Estévez considera una exigencia desmedida, casi un pecado, que las personas pidan soluciones cuando:
“No saben cuánto puede sostenerse el país en condiciones de aislamiento, no saben nuestras disponibilidades financieras, energéticas, de insumos, alimentos. No saben datos de las condiciones del país de asimilar un incremento en el transporte de bienes y personas, no saben los datos agrícolas, de servicios comunales, de la capacidad de generación de electricidad. No saben cuántas familias cubanas están en condiciones de tener a sus hijos en casa, cuántas dependen de la merienda escolar, de los almuerzos en los centros de trabajo. No saben cuántas personas dependen de los servicios sociales. No saben cómo se está comportando el mercado internacional de alimento en esta crisis, ni el tema del transporte mercantil a nivel global. No saben la capacidad del país de adquirir lo que se necesita y la necesidad de no parar la producción y los servicios para garantizar la capacidad de realizar esas compras. No saben cuántas personas hoy están hospitalizadas por otras enfermedades, cuál es el estado de otros temas de salud como el dengue, la gripe normal y corriente, las enfermedades crónicas, etc. No saben…”
Interrumpo aquí el extenso listado de lo que no sabemos. Y no me queda más remedio que concordar con el articulista. Ignoramos muchísimo, demasiado, acerca de asuntos que no deberían ser secretos y que en otros países son de dominio público. Pero pregunto a Estévez: ¿quiénes son los culpables de esa falta de conocimientos, de la carencia de glasnost?, vaya para seguir con la cuerda soviética. Es una pregunta retórica, obviamente.

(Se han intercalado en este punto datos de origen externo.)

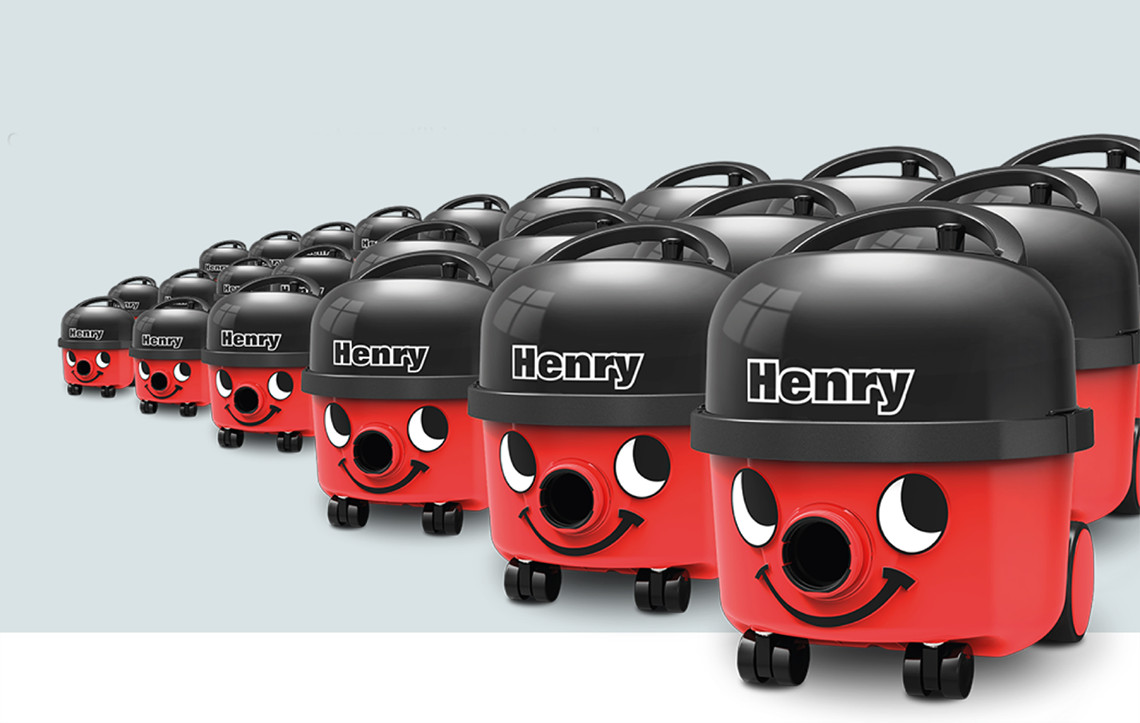 Numatic HVR200 Henry, do zanieczyszczeń suchych - zdjęcie 1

La ciudadanía en cambio, ha encontrado en las ágoras digitales la posibilidad de que puedan debatirse los asuntos de la polis, de los animales políticos que somos todos. No esperaremos ya, nunca más, que Granma, Cubasí, Cubadebate, o hasta el agujero infecto de PostCuba —unidos ahora en su valoración de que solicitar una disminución de los precios de internet en medio de la crisis es hacer contrarrevolución— nos alienten a hacerlo.

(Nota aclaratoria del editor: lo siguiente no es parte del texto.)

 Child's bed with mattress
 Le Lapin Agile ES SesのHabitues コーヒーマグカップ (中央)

Aportaré también mi anécdota soviética, conste que no es del folklore sino absolutamente real. En junio de 1954, una caricatura del periódico satírico y humorístico Krokodil representaba a un escritor instalado sobre una veleta, que se negaba a trabajar mientras no soplara el viento. La caricatura se hacía eco de la llamada zhdanovshchina, política cultural ligada al nombre de Zhdanov, uno de los miembros más destacados del Buró Político del Partido Comunista de la Unión Soviética (PCUS).

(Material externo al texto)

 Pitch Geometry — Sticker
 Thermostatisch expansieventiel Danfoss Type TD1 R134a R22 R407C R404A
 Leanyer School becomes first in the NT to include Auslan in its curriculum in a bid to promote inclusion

Después de casi un lustro de flexibilidad en materia artística, entre 1942 y 1946, este dirigente materializó desde la segunda mitad de esa década una nueva campaña en favor del Realismo Socialista en el arte. La palabra zhdanovshchina adquirió el significado de aislacionismo cultural y pureza ideológica en el orden interno. El escritor esperaba que la veleta se ubicara para decidir cómo proceder.
Los que dirigen los medios y la esfera ideológica en este país, los que escriben para esos medios, deberían tomar ejemplo del escritor y ubicarse bien en los vientos que corren, no para ser oportunistas como sugería la caricatura, sino para no quedarse solos. El gobierno parece mejor orientado que ellos.